A professor of Economics at the Lagos Business School, Prof. Bongo Adi, has said that the proliferation of digital lending companies (or loan apps) in the country is not helping the economy but pushing more Nigerians into poverty.
Prof. Adi, who stated this during a webinar on Nigeria’s 2023 political and business outlook organised by the Lagos Business School Alumni Association on Thursday, explained that most of the loans issued by digital lending companies are for consumption.
He further explained that a research he is currently conducting alongside his other colleagues at the LBS has shown that people collect loans via their apps, spend them, and then start to look for other means to pay back. And in the process, they are pushed further into debt.
More Nigerians pushed to the bottom: While noting that the middle class is fast disappearing in Nigeria as a result of high inflation, which has eroded the purchasing power of many Nigerians, Prof. Adi said his research has also shown that there is nothing more at the bottom of the pyramid, where many Nigerians have been pushed to.
“The situation that I’ve observed, based on a new research track that I just started with some colleagues here at Lagos Business School, is that there is no more Fortune at the Bottom of the Pyramid like what we used to say before.

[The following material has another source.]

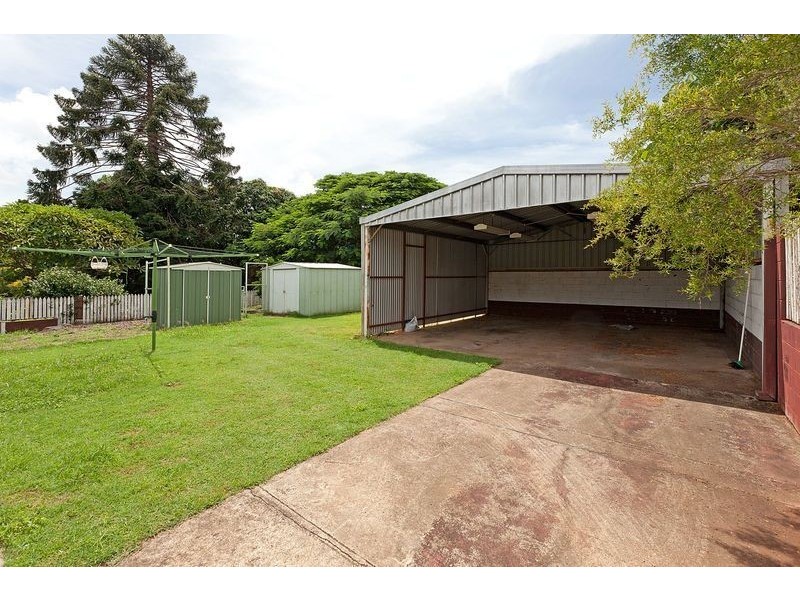 46 Orford Street, Tarragindi QLD 4121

“The bottom of the pyramid has been pushed to its limit as incomes and purchasing power shrink and the majority of households now depend on mere consumption.”
On the activities of lending companies using mobile apps for easy access to fast loan applications and disbursement, the Professor said:
“Now what we also observe is the proliferation of lending agencies and lending companies that lend to households, individuals, and small businesses. They give out not more than N500,000 or N1 million and those are not the amounts you can use to do any sort of sustainable business in Nigeria today.

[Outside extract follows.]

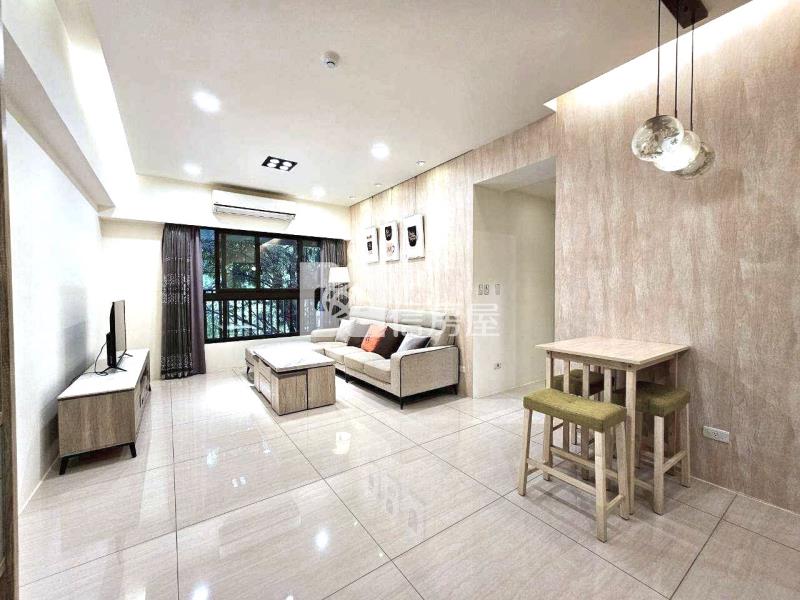 惠宇敦北大三房平車川流不息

“What people use that money for is simple consumption, which my research shows that is actually pushing them further into poverty. So, they find themselves in a rat race of finding the next income to really pay off debts that they’ve incurred.

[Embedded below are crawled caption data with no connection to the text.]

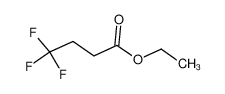 4,4,4-三氟丁酸乙酯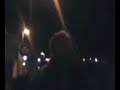 Dronken Amsterdammer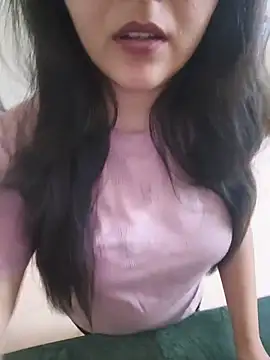 neelam rawat online show from 13, 5, 2026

“So, that’s the situation right now. The bottom of the pyramid is filled with people that have low income, and we’re talking about a country that has a 63% poverty level. If you look at multi-dimensional poverty, a lot of people are pushed to that level.”
What you should know: Independent findings by Nairametrics also show the loan apps offer as low as N1,500 and a maximum of N1 million. In most cases, the interest rates on the loans are as high as 90% such that the borrowers end up finding it difficult to repay.
Some of the lenders have also devised several illegitimate means, including harassment and blackmailing to recover their loans from recalcitrant borrowers.
To address the unwholesome practices among digital lending companies, the Federal Competition and Consumer Protection Commission (FCCPC), last year came up with the Limited Interim Regulatory/Registration Framework and Guidelines for Digital Lending in collaboration with the Joint Task Force (JTF) to promote fair, transparent, and beneficial alternative lending opportunities for Nigerians.
As of last January, the Commission said it has approved the operations of 94 companies as digital money lenders in Nigeria through the ongoing registration.